#### [What to do]
Return exactly the lines below, starting with the one that has "Solid Color Beaded" and going on through the one that has "Sudadera gris hecha".

[Stored records]
# # #
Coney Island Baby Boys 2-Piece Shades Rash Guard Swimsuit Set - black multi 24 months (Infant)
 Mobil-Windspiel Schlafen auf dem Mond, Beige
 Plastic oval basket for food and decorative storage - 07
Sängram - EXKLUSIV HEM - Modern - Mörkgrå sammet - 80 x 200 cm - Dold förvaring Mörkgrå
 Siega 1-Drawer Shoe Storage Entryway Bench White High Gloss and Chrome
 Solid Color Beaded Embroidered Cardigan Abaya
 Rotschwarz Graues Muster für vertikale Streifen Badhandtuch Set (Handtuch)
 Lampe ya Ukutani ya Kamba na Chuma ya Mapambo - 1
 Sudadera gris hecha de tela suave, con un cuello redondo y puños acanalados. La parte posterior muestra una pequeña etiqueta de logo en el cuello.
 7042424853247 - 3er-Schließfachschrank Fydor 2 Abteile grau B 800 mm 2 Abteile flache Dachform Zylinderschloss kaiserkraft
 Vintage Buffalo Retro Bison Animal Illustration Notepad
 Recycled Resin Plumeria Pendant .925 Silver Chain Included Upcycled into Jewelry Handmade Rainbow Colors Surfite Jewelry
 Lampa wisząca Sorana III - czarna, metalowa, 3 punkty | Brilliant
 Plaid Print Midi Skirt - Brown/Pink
# # #
#### [Exercise response]
 Solid Color Beaded Embroidered Cardigan Abaya
 Rotschwarz Graues Muster für vertikale Streifen Badhandtuch Set (Handtuch)
 Lampe ya Ukutani ya Kamba na Chuma ya Mapambo - 1
 Sudadera gris hecha de tela suave, con un cuello redondo y puños acanalados. La parte posterior muestra una pequeña etiqueta de logo en el cuello.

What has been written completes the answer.